Congratulations for the good work and wishing you all the best.

rama bangera, Brahmavar/Norway
Wednesday, August 07, 2013

Ouch, i took that salmon photo :P. Its very nice article and if possible try to publish the same in National news paper (English version) as well as Kannada news paper. It will be a success in few years.

John D'Silva, Mangalore
Wednesday, August 07, 2013

Thanks Mr.Arun Padiyar.Your ideas will help lot of people in costal region.Having watched closely prawn farming in DK district I feel investers are prone to losses due to nonscientific methods.Peolple of your calibre can advice to minimize the errors.River beds near Hangarkatta,Airody,Sasthan and Barkur having good potential for fish farming.People scared of losses because there is lack of genuine advicers.Sir please popularize fish farming in our district.Fish contain very low level of cholesterol rich in omega-3 fatty acid a vital neutrient to our body.Wishing you every success.

thomas, india
Wednesday, August 07, 2013

Congratulations Arun,
Great show, India needs dynamic entrepreneurs like you.
Please revolutionise this field - use the abundance land and water masses in our region.
educate the farmers and estate owners owning Ware bodies.
your concept of providing cheap and easily digestible protein is a great concept-great thought and great Effort- hats off to you.
Hope even the other Fisheries graduates will be inspired to take up projects like yours to get abundant yield and be surplus in fish production.
and even export ,earn money.
Education is importance and establish Nursery and distribute the fingerlings -babies -grow them in PILICULA.
There should be a dedicated channel on TV
to educate -promote - these products-projects- in fish farming- agriculture - etc.
Good luck.
We should also promote sushi - providing fresh or live protein like japanese do, by establishing the cold chain network.

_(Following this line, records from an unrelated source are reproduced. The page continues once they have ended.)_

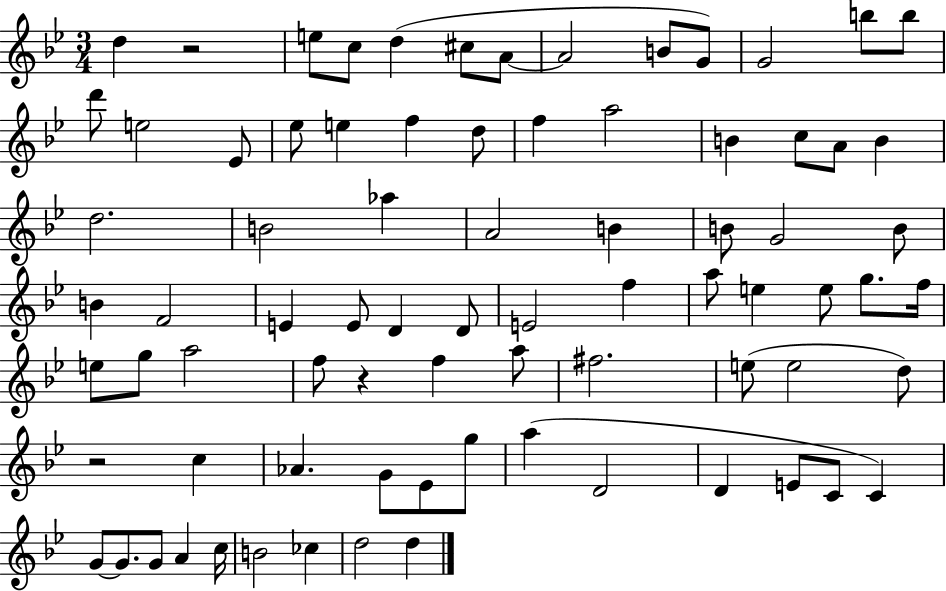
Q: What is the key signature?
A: BES major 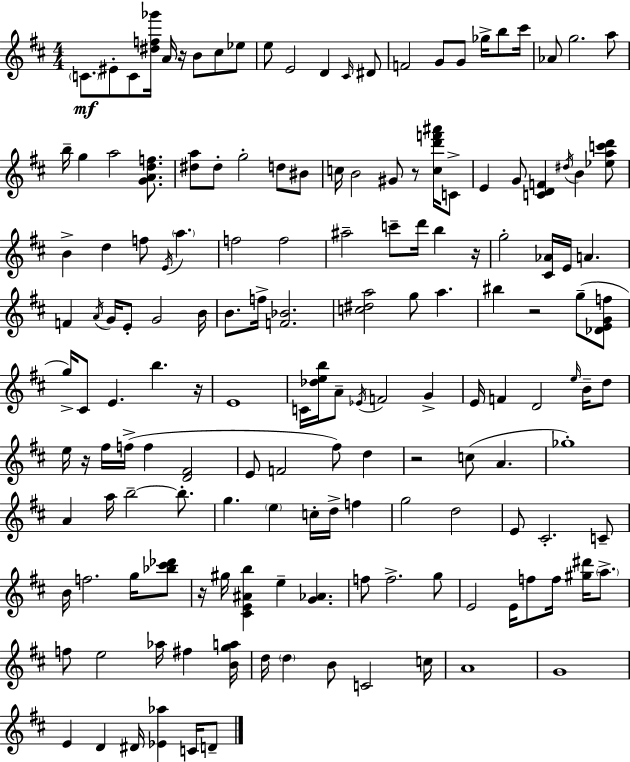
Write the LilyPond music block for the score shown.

{
  \clef treble
  \numericTimeSignature
  \time 4/4
  \key d \major
  \parenthesize c'8.\mf eis'8-. c'8 <dis'' f'' ges'''>16 a'16 r16 b'8 cis''8 ees''8 | e''8 e'2 d'4 \grace { cis'16 } dis'8 | f'2 g'8 g'8 ges''16-> b''8 | cis'''16 aes'8 g''2. a''8 | \break b''16-- g''4 a''2 <g' a' d'' f''>8. | <dis'' a''>8 dis''8-. g''2-. d''8 bis'8 | c''16 b'2 gis'8 r8 <c'' d''' f''' ais'''>16 c'8-> | e'4 g'8 <c' d' f'>4 \acciaccatura { dis''16 } b'4 | \break <ees'' a'' c''' d'''>8 b'4-> d''4 f''8 \acciaccatura { e'16 } \parenthesize a''4. | f''2 f''2 | ais''2-- c'''8-- d'''16 b''4 | r16 g''2-. <cis' aes'>16 e'16 a'4. | \break f'4 \acciaccatura { a'16 } g'16 e'8-. g'2 | b'16 b'8. f''16-> <f' bes'>2. | <c'' dis'' a''>2 g''8 a''4. | bis''4 r2 | \break g''8--( <des' e' g' f''>8 g''16->) cis'8 e'4. b''4. | r16 e'1 | c'16 <des'' e'' b''>16 a'8-- \acciaccatura { ees'16 } f'2 | g'4-> e'16 f'4 d'2 | \break \grace { e''16 } b'16-- d''8 e''16 r16 fis''16 f''16->( f''4 <d' fis'>2 | e'8 f'2 | fis''8) d''4 r2 c''8( | a'4. ges''1-.) | \break a'4 a''16 b''2--~~ | b''8.-. g''4. \parenthesize e''4 | c''16-. d''16-> f''4 g''2 d''2 | e'8 cis'2.-. | \break c'8-- b'16 f''2. | g''16 <bes'' cis''' des'''>8 r16 gis''16 <cis' e' ais' b''>4 e''4-- | <g' aes'>4. f''8 f''2.-> | g''8 e'2 e'16 f''8 | \break f''16 <gis'' dis'''>16 \parenthesize a''8.-> f''8 e''2 | aes''16 fis''4 <b' g'' a''>16 d''16 \parenthesize d''4 b'8 c'2 | c''16 a'1 | g'1 | \break e'4 d'4 dis'16 <ees' aes''>4 | c'16 d'8-- \bar "|."
} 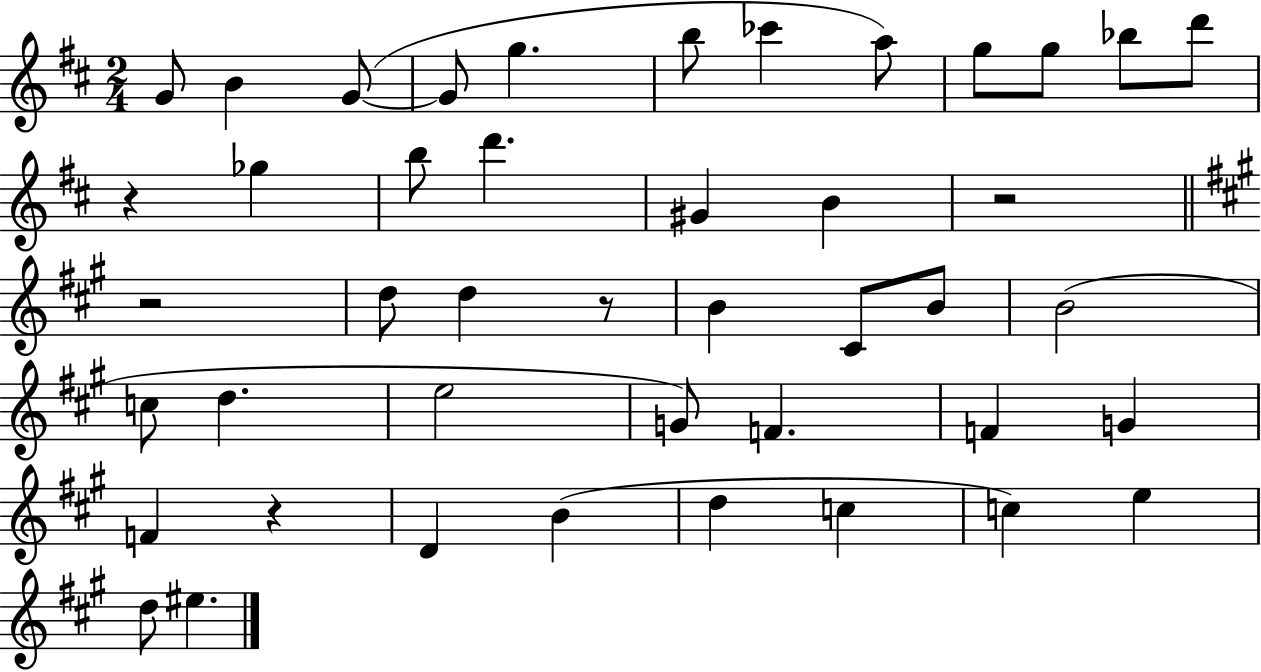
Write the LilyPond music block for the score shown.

{
  \clef treble
  \numericTimeSignature
  \time 2/4
  \key d \major
  g'8 b'4 g'8~(~ | g'8 g''4. | b''8 ces'''4 a''8) | g''8 g''8 bes''8 d'''8 | \break r4 ges''4 | b''8 d'''4. | gis'4 b'4 | r2 | \break \bar "||" \break \key a \major r2 | d''8 d''4 r8 | b'4 cis'8 b'8 | b'2( | \break c''8 d''4. | e''2 | g'8) f'4. | f'4 g'4 | \break f'4 r4 | d'4 b'4( | d''4 c''4 | c''4) e''4 | \break d''8 eis''4. | \bar "|."
} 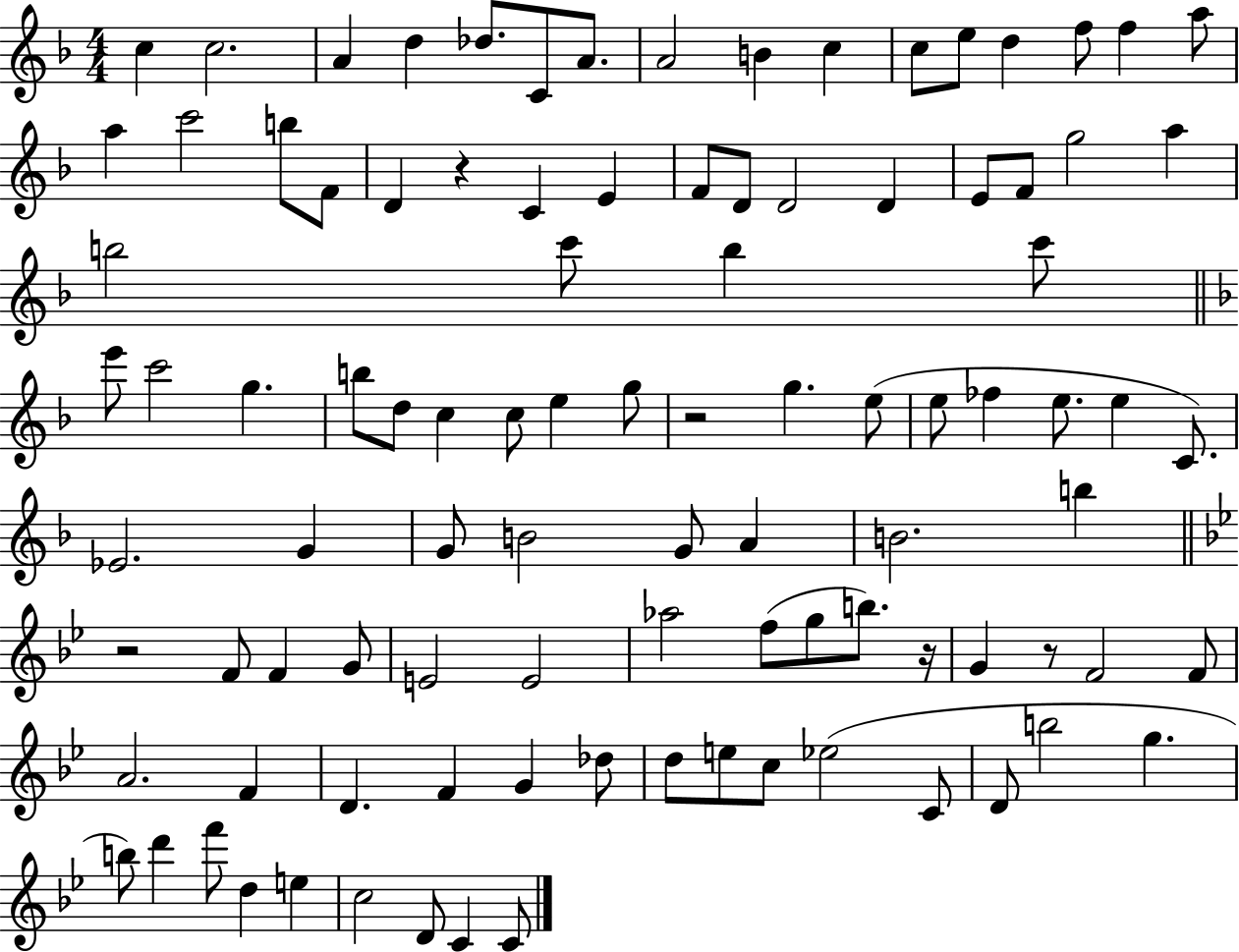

D M D' Souza, Panemangalore
Wednesday, August 07, 2013

Congrats Arun,
Happy to see you on Daiji.
You had a vision from your college days, when all wanted to pursue Engineering & Medicine, you opted for fisheries though you got merit seat in the above.
You took decisions against all odds & you succeeded in many ways.
My Best Wishes will always be there in each & every step you take, as every successful person faces more failures & pain before he succeeds, where his efforts bear fruit benefiting all in the end.

arun, udupi
Wednesday, August 07, 2013

good idea.in gulf countries its a famous fish. filipinos like it very much,calling "bangoos".tastes better when it was fried or grilled.

Glen Mendonca, Tallur/Dubai
Wednesday, August 07, 2013

In Kundapur we call it foola mali, in our childhood we used to catch lot, it has lots of bones but very tasty one.

Vincent Rodrigues, Katapadi/Bangalore
Wednesday, August 07, 2013

Really a great news that Dr.Arun Padiyar making possitve effort in ushering Milkfish revolution.I wish him all the best and grand success in his new venture.It is a tasty fish and all fish eaters will like this on tasting it.Thanq.

Guru Baliga, Mangalore
Wednesday, August 07, 2013

I appreciate Dr. Arun Padiyar's Vision for the Food Security of the Country. At such young age he could see this vision and work towards it is Great.